What to produce >>
The stretch from the line with "WWII German Kfz.21" through the line with "663 Windsor Ct APT B, Vista, CA 92084" in the records below: write it out exactly, and nothing else.

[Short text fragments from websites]
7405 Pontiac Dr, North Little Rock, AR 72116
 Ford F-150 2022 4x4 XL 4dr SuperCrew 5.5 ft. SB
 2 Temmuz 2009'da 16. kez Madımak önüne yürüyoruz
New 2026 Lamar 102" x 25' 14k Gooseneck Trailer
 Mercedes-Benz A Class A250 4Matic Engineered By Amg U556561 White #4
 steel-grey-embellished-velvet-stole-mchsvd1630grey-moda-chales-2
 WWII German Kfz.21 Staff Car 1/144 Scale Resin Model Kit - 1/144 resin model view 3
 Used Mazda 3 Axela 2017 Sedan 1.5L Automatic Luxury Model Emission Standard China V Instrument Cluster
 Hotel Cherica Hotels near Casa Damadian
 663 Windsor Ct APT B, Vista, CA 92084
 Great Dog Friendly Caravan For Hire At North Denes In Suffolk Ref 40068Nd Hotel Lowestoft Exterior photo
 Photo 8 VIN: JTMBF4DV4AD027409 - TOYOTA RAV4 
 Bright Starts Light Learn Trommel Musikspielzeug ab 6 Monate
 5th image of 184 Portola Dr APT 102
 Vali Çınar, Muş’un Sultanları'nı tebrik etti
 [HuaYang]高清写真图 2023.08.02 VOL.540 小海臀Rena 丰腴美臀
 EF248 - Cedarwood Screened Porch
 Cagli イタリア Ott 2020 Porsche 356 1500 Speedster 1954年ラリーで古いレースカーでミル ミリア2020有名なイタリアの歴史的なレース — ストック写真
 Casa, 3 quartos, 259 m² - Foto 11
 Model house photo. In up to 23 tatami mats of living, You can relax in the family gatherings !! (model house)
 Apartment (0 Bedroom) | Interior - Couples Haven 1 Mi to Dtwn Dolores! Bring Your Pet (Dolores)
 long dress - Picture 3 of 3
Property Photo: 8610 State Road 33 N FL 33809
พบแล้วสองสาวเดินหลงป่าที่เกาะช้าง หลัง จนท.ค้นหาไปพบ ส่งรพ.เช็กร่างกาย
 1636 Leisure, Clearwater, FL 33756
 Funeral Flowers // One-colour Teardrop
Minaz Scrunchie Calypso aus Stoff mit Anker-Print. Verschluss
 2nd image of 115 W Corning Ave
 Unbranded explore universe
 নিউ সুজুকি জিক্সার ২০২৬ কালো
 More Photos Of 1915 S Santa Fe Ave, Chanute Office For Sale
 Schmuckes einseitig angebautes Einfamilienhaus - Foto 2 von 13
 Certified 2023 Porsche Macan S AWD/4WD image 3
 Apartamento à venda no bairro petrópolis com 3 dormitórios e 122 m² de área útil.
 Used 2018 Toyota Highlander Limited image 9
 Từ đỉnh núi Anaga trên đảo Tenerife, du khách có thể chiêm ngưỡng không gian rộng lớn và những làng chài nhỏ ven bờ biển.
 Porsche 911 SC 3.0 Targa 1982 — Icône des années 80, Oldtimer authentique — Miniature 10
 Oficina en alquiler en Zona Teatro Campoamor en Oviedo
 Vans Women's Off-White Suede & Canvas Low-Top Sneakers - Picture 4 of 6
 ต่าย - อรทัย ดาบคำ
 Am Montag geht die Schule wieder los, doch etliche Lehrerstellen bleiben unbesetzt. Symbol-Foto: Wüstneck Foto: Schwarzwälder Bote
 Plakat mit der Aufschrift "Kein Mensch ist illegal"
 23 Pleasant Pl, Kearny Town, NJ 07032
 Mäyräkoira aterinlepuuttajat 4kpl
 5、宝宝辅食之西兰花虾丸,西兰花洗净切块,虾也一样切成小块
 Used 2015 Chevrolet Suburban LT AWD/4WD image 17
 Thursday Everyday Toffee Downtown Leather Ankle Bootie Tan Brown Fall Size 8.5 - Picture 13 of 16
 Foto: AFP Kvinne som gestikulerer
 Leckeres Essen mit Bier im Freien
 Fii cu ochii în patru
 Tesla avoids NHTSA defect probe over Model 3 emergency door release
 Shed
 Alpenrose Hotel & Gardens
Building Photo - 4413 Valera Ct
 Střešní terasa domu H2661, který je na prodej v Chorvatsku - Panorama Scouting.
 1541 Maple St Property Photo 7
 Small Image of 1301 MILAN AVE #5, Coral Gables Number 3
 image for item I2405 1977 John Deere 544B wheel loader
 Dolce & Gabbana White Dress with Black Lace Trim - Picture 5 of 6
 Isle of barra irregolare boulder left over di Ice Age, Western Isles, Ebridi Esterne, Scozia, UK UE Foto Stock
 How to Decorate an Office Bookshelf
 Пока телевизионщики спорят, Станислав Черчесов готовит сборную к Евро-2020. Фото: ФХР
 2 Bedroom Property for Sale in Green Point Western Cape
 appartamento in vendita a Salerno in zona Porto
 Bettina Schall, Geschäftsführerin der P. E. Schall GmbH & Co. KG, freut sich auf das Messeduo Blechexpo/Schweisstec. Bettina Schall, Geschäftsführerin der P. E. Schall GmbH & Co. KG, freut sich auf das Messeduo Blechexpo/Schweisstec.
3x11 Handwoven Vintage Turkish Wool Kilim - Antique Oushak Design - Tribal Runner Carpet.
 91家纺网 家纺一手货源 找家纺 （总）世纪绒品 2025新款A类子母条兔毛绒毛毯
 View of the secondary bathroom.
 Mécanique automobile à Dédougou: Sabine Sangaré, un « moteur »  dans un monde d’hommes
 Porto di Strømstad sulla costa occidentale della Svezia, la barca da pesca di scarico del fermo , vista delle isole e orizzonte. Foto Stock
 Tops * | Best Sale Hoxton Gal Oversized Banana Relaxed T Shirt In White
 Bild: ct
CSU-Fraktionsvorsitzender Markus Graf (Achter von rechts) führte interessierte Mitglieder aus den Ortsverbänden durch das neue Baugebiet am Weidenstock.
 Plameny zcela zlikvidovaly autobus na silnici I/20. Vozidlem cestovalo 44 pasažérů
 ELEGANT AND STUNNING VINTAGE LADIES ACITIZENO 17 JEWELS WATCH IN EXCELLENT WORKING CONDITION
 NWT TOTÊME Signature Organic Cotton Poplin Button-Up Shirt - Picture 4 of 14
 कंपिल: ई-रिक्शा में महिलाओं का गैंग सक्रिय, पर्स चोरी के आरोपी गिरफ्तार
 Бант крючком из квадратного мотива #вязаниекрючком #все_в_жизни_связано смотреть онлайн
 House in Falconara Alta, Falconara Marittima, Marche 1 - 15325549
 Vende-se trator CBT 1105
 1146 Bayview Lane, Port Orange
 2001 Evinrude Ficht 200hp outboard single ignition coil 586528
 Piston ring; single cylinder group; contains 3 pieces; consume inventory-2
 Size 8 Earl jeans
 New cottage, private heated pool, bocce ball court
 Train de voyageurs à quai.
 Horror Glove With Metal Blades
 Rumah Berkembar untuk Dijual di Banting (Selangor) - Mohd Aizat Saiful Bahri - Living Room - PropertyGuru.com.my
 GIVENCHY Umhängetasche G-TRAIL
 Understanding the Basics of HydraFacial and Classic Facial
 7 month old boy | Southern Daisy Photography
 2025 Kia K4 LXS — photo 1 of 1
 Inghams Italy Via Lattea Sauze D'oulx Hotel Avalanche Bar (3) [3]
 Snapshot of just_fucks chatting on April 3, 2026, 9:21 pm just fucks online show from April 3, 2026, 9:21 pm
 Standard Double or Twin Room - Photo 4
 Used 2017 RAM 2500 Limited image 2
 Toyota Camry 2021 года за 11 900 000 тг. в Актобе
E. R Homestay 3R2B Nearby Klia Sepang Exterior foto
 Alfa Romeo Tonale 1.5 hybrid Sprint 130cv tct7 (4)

Result below >>
 WWII German Kfz.21 Staff Car 1/144 Scale Resin Model Kit - 1/144 resin model view 3
 Used Mazda 3 Axela 2017 Sedan 1.5L Automatic Luxury Model Emission Standard China V Instrument Cluster
 Hotel Cherica Hotels near Casa Damadian
 663 Windsor Ct APT B, Vista, CA 92084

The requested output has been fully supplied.